Where have you been all my life?

Seriously though. I’ve known about the concept of ‘regular expressions’ for years, but for some reason I never took the plunge. And now that I have, my mind is absolutely blown away. Remember all those months in grad school (c. 1998-2000) when I was OCRing, proofing and manually parsing thousands of letters into my Access database? Well I sure do.

Twenty years later, I now discover that I could’ve shaved literally months off that work, if only I’d adopted the regex way of manipulating text. I’ll blame it on the fact that “digital humanities” wasn’t even a thing back then – check out Google Ngram Viewer if you don’t believe me.
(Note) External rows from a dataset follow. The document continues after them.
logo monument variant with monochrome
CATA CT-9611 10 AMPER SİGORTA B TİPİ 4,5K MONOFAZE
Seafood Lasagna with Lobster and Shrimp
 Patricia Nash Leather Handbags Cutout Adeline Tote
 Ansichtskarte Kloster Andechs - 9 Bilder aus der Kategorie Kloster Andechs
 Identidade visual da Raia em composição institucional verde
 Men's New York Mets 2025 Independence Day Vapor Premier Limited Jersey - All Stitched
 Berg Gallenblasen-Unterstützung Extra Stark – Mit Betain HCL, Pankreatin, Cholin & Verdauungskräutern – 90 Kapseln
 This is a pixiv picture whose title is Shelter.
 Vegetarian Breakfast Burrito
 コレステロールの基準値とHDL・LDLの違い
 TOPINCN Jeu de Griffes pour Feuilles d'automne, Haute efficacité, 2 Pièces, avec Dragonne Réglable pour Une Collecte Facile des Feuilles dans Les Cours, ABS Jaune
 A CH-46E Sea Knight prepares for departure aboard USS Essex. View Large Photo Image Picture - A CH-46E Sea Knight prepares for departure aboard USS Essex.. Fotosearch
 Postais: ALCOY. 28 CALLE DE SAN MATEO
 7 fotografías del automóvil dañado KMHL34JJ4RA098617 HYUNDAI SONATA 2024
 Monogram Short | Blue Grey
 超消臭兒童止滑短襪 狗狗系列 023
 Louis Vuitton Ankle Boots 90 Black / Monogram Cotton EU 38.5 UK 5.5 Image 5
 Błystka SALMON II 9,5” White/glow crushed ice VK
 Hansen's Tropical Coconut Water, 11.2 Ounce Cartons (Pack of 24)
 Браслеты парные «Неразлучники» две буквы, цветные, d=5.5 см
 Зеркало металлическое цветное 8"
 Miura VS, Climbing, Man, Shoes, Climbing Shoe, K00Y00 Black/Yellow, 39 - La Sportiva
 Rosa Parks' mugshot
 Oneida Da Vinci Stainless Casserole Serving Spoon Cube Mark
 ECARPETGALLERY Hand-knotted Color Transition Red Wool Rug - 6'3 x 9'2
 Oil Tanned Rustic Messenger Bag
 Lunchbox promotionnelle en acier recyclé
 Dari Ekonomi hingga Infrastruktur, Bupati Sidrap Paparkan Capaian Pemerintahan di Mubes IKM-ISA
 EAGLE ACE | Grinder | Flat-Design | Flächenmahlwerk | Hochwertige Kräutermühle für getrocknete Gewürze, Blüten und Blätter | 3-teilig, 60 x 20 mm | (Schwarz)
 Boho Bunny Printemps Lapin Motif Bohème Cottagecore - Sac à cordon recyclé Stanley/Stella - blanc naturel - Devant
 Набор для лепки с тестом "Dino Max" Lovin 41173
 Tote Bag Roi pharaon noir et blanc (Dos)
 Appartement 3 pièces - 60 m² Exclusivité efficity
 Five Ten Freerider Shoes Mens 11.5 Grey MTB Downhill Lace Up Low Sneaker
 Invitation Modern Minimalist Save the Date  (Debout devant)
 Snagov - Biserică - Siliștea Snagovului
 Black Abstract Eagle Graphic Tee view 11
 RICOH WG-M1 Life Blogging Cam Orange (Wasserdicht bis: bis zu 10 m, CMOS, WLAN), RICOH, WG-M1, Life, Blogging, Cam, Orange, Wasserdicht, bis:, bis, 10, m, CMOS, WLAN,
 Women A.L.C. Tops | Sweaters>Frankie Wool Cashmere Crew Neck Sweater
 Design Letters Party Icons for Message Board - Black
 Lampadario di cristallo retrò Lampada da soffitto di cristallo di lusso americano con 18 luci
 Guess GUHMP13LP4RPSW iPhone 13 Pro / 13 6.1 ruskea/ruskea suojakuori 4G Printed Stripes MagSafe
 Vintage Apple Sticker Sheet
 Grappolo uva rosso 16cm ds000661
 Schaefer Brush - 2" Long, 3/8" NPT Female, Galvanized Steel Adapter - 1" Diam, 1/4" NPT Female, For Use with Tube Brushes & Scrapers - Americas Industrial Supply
So let’s start at the beginning. Entry-level text editing is easy enough: you undoubtedly learned long ago that in a text program like Microsoft Word you can find all the dates in a document – say 3/15/1702 and 3/7/1703 and 7/3/1704 – using a wildcard search like 170^#, where ^# is the wildcard for any digit (number). That kind of search will return 1701 and 1702 and 1703… But you’ve also undoubtedly been annoyed when you next learn that you can’t actually modify all those dates, because the wildcard character will be replaced in your basic find-replace with a single character. So, for example, you could easily convert all the forward slashes into periods, because you simply replace every slash with a period. But you can’t turn a variety of dates (text strings, mind you, not actual date data types) from MM/DD/YYYY into YYYY.MM.DD, because you need wildcards to find all the digit variations (3/15/1702, 6/7/1703…), but you can’t keep those values found by wildcards when you try to move them into a different order. In the above example, trying to replace 170^# with 1704 will convert every year with 1704, even if it’s 1701 or 1702. So you can cycle through each year and each month, like I did, but that takes a fair amount of time as the number of texts grow. This inability to do smart find-replace is a crying’ shame, and I’ve gnashed many a tooth over this quandary.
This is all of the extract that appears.